È uno strumento flessibile che consente di concordare rientri sostenibili e tutelare la continuità aziendale.
💠 3. Accordo di ristrutturazione dei debiti (art. 57 CCI)
È un’intesa con i creditori che rappresentano almeno il 60% del totale dei debiti.
Può prevedere tagli parziali, rateizzazioni lunghe o conversioni del debito in quote societarie.
💠 4. Concordato preventivo semplificato
Quando la crisi è più grave, consente alla SRL di proporre ai creditori un piano di pagamento parziale dei debiti e ottenere la protezione giudiziale senza bloccare completamente l’attività.
📌 I vantaggi del Codice della Crisi
- Blocca pignoramenti e azioni esecutive durante la procedura.
- Evita la liquidazione giudiziale (ex fallimento).
- Permette di rinegoziare i debiti con il Fisco, banche e fornitori.
- Salva posti di lavoro e continuità aziendale.

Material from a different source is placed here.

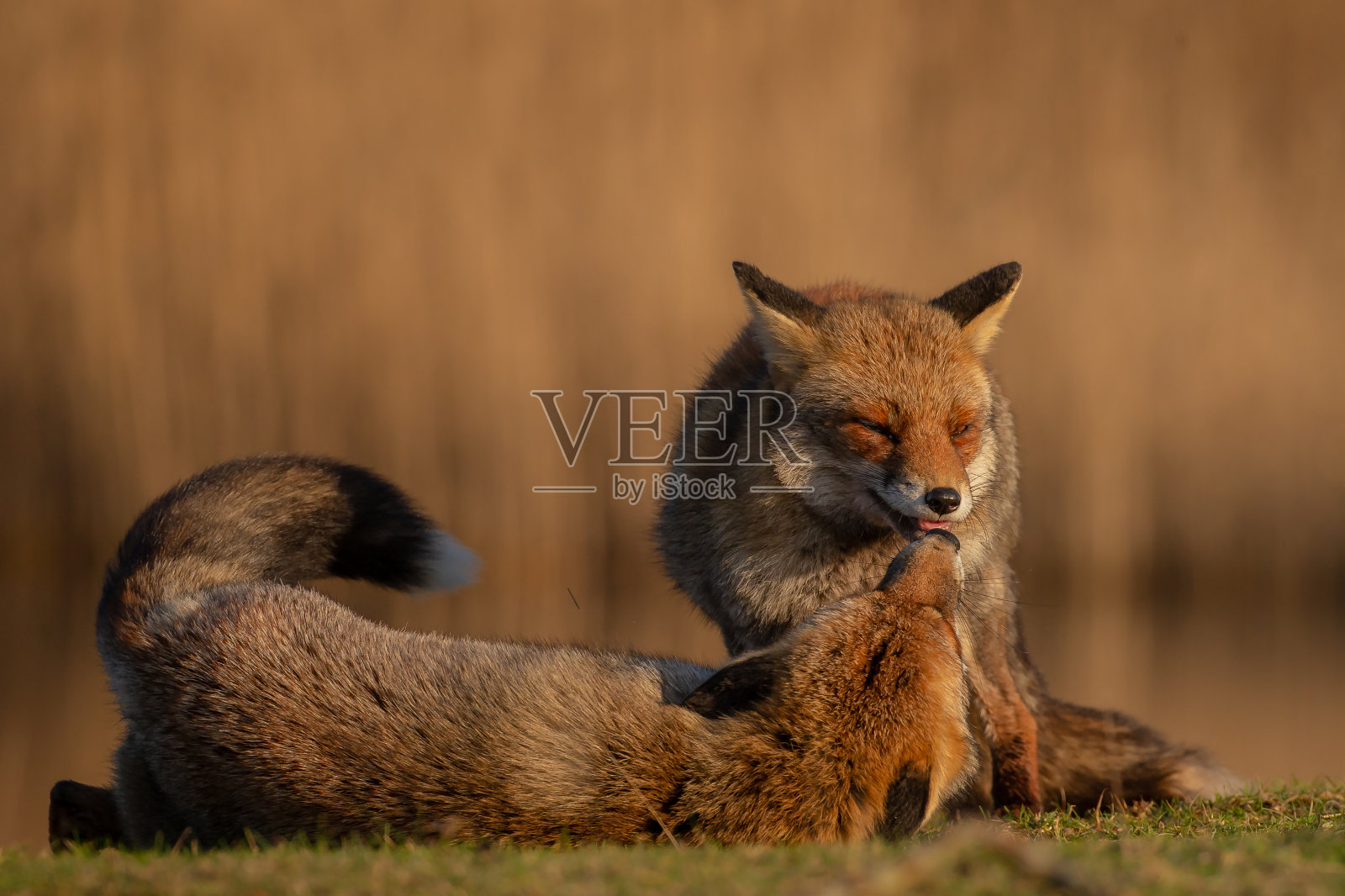 自然界中的红狐狸照片摄影图片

- Tutela gli amministratori, evitando responsabilità personali per mancata gestione della crisi.
🛠️ Come capire se la tua SRL può essere risanata
Prima di avviare la procedura, occorre verificare:
- La situazione economico-finanziaria (bilanci, debiti e crediti);
- Il livello di sostenibilità dell’attività produttiva;
- Le possibilità di accordo con i principali creditori;
- La disponibilità di flussi di cassa per un piano di risanamento.

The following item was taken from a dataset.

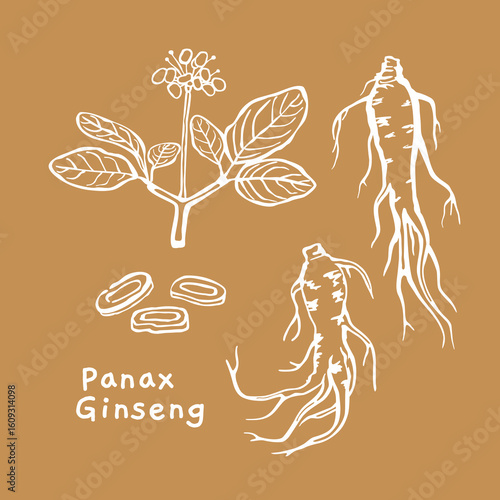 Panax ginseng root hand drawn vector, for herbal supplement and wellness packaging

Se la tua SRL è ancora operativa e ha un potenziale di continuità, il Codice della Crisi ti consente di salvarla legalmente e fiscalmente.
⚖️ Perché agire subito è fondamentale
Secondo il nuovo Codice, gli amministratori di SRL hanno l’obbligo legale di intervenire tempestivamente in caso di crisi.

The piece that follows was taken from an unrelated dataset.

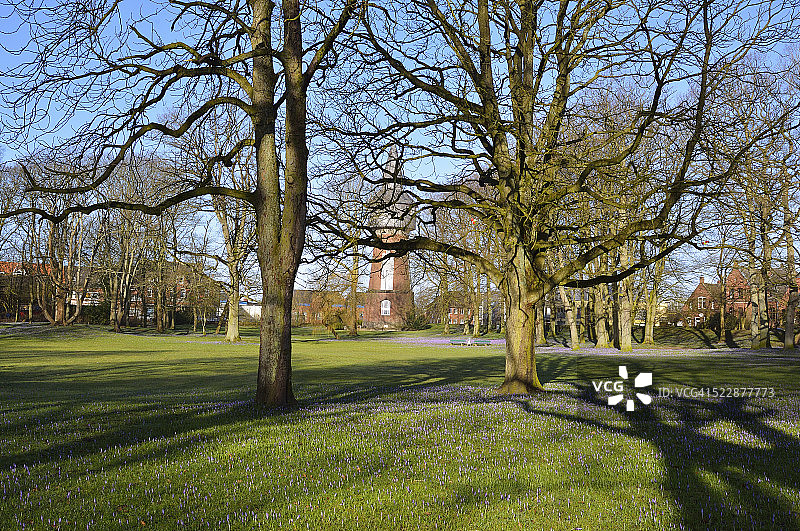 公园里的树木图片素材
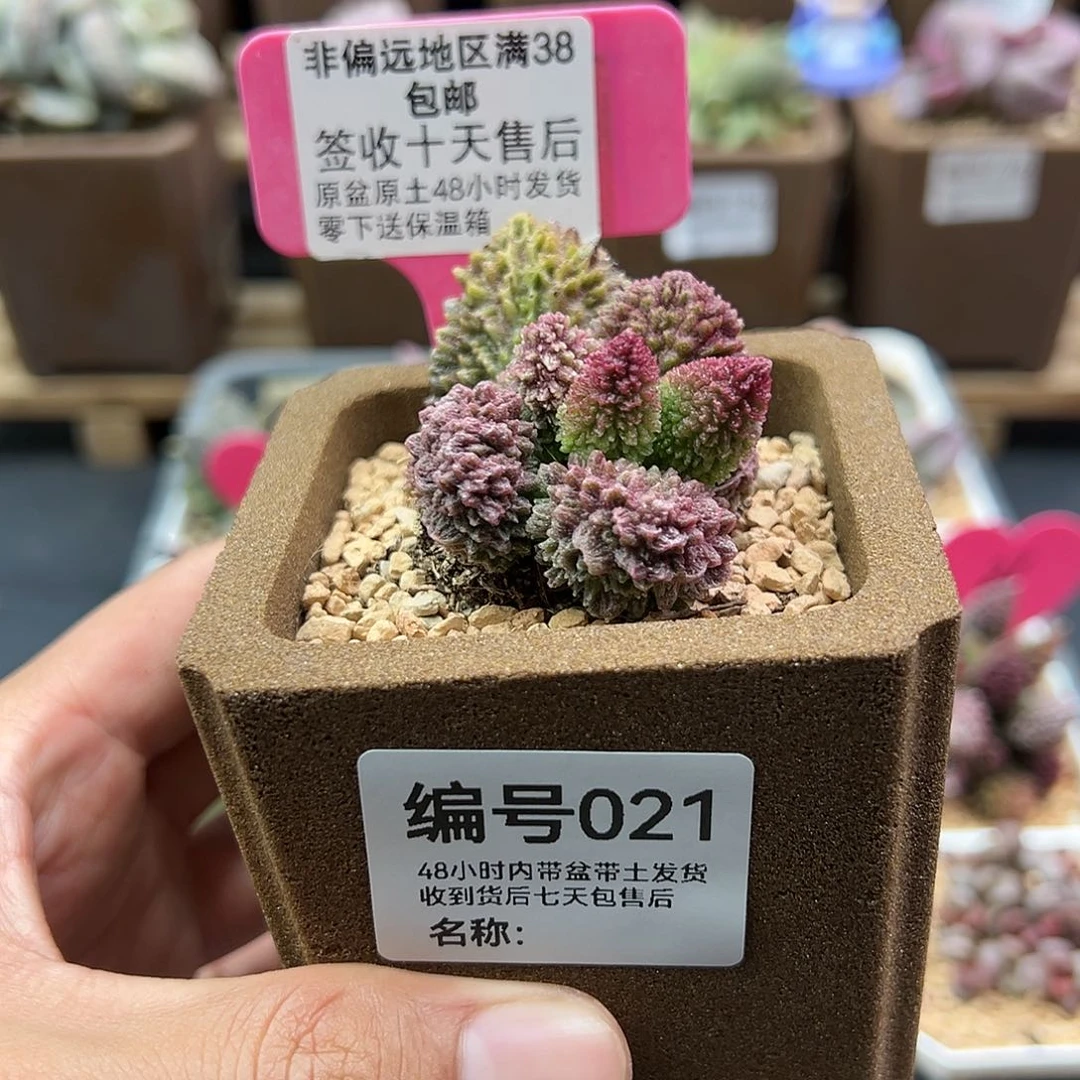 小*运021朱紫玉水泡多肉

Ignorare i segnali può comportare:
- Responsabilità personali per mala gestio;
- Azioni di responsabilità da parte dei creditori;
- Liquidazione giudiziale d’ufficio (ex fallimento).
Agire in tempo, invece, permette di:
- Bloccare le azioni di recupero;
- Evitare la perdita di clienti e fornitori;
- Ristrutturare i debiti in modo sostenibile;
- Preservare il controllo della società.
🛡️ Come può aiutarti l’Avv. Giuseppe Monardo
- 📂 Analizza la situazione debitoria e i bilanci della SRL.
- 📌 Valuta se esistono i presupposti per la composizione negoziata o il piano di risanamento.
- ✍️ Predispone tutta la documentazione necessaria per accedere agli strumenti del Codice della Crisi.
- ⚖️ Ti assiste nella negoziazione con Fisco, banche e fornitori per ridurre o dilazionare i debiti.
- 🔁 Offre consulenza continuativa per prevenire future situazioni di crisi e proteggere gli amministratori da responsabilità personali.
🎓 Le qualifiche dell’Avv. Giuseppe Monardo
- ✔️ Avvocato esperto in diritto tributario e gestione della crisi d’impresa.
- ✔️ Gestore della crisi d’impresa iscritto presso il Ministero della Giustizia.
- ✔️ Specializzato nella ristrutturazione del debito di SRL e società di capitali tramite gli strumenti del Codice della Crisi.
Conclusione
Una SRL con debiti può essere salvata, ma serve intervenire subito e con il supporto di un professionista esperto.
Il Codice della Crisi d’Impresa ti offre strumenti legali per bloccare pignoramenti, negoziare con i creditori e ricostruire la stabilità finanziaria della tua azienda.
Agire oggi significa tutelare la società, i soci, gli amministratori e il futuro della tua impresa.